***** Given information *****

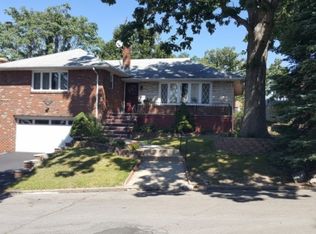 531 Hillcrest Ave, Ridgefield, NJ 07657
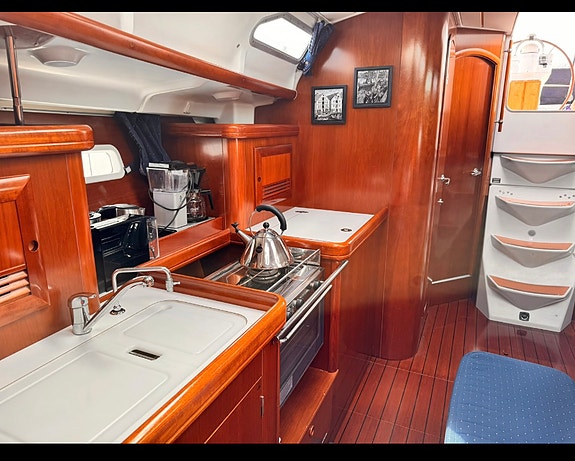 Beneteau Oceanis 393 5 of 5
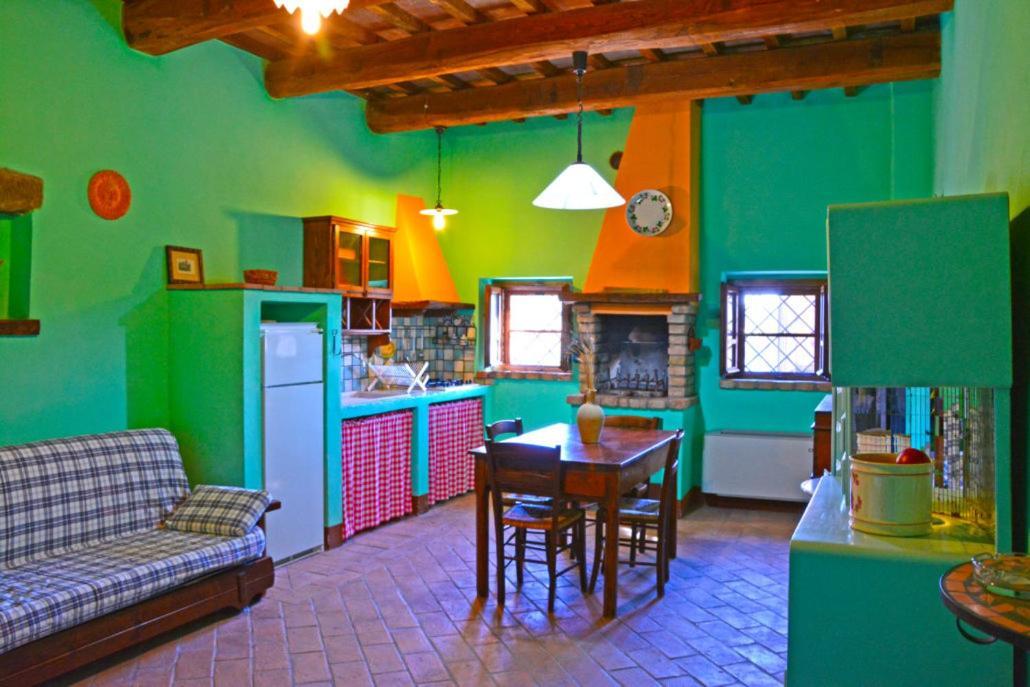 Agriturismo Casale Poggio Colpiccione Passignano sul Trasimeno Exterior foto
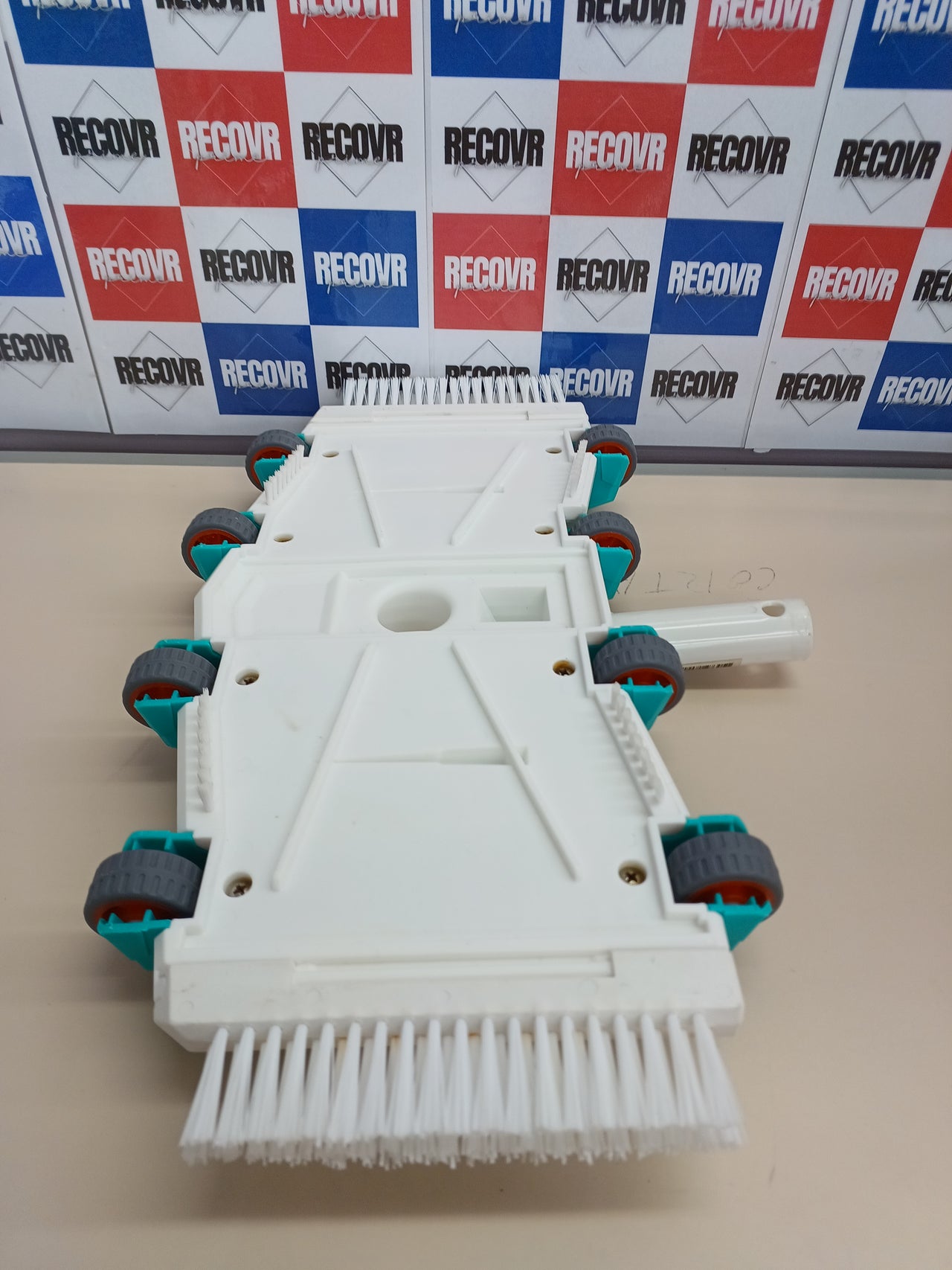 Limpiafondos Rotativo para Piscina con 8 Ruedas Gre 40018N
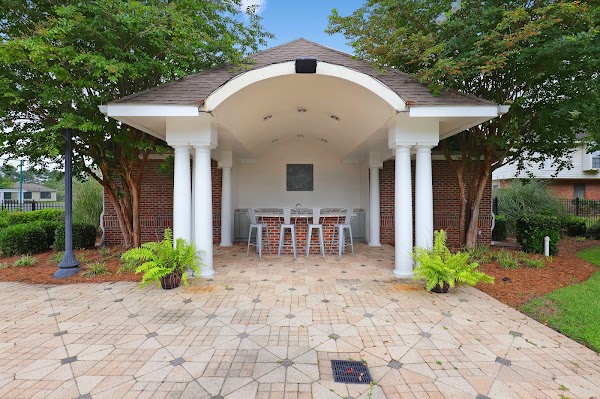The Estates At Lafayette Square apartments in Mobile, AL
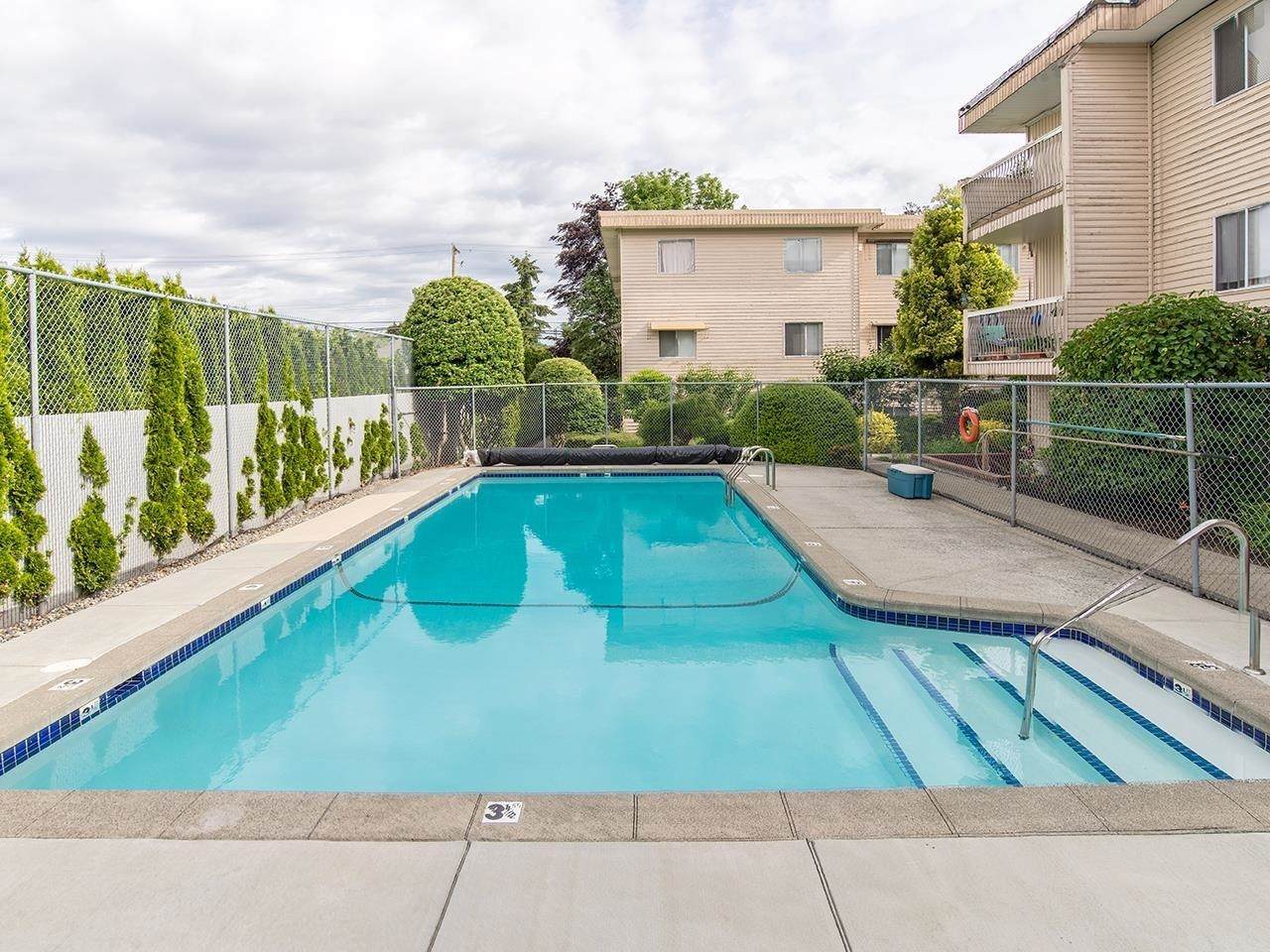 11816 88 Avenue - Photo 1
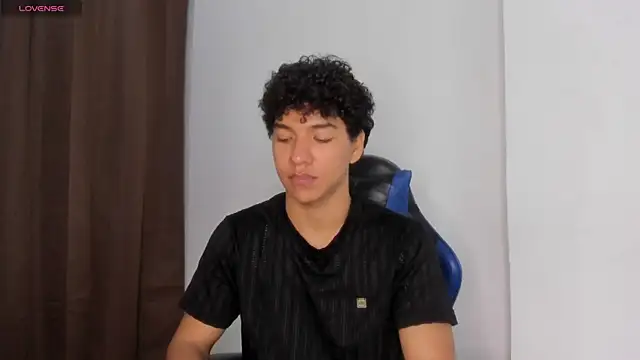 Snapshot of Maximiliano_Young chatting on 4, 6, 2026 Maximiliano Young online show from 4, 6, 2026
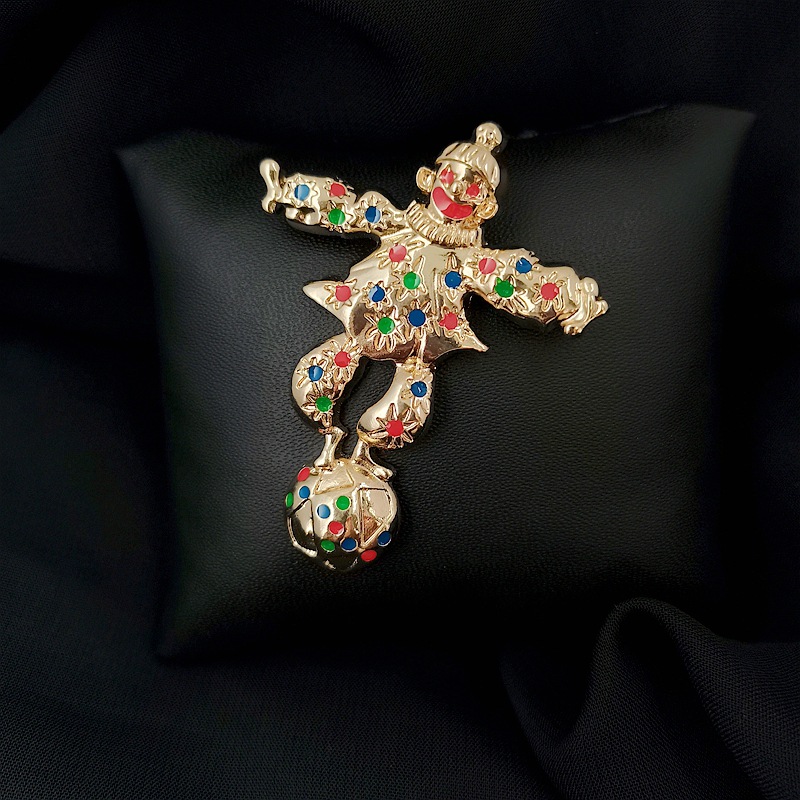vintage Western Antique Pin Clown Vintage Personality Enamel Ball-stepping Corsage Alloy Doll Brooch Accessories
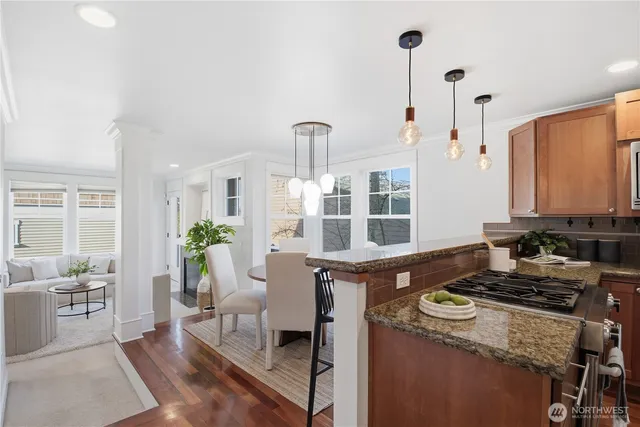 $949,000 | 3020 14th Avenue West, Unit B, Seattle, WA 98119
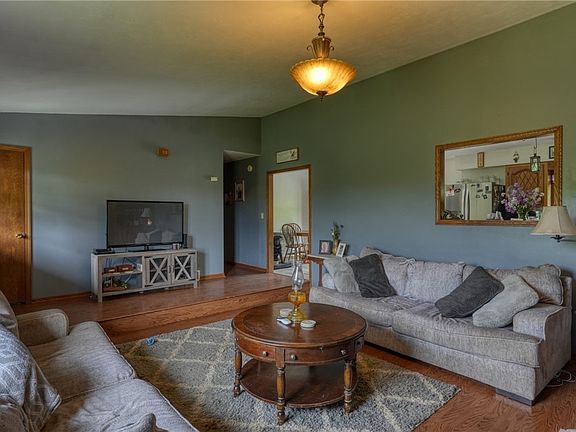 5th image of 2631 Coopermill Rd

*****

== Directions ==
Restate word for word only the lines from the one with "The Estates At" through the last line of the material, both included. Any picture should be left out.

== Response to this task ==
The Estates At Lafayette Square apartments in Mobile, AL
 11816 88 Avenue - Photo 1
 Snapshot of Maximiliano_Young chatting on 4, 6, 2026 Maximiliano Young online show from 4, 6, 2026
vintage Western Antique Pin Clown Vintage Personality Enamel Ball-stepping Corsage Alloy Doll Brooch Accessories
 $949,000 | 3020 14th Avenue West, Unit B, Seattle, WA 98119
 5th image of 2631 Coopermill Rd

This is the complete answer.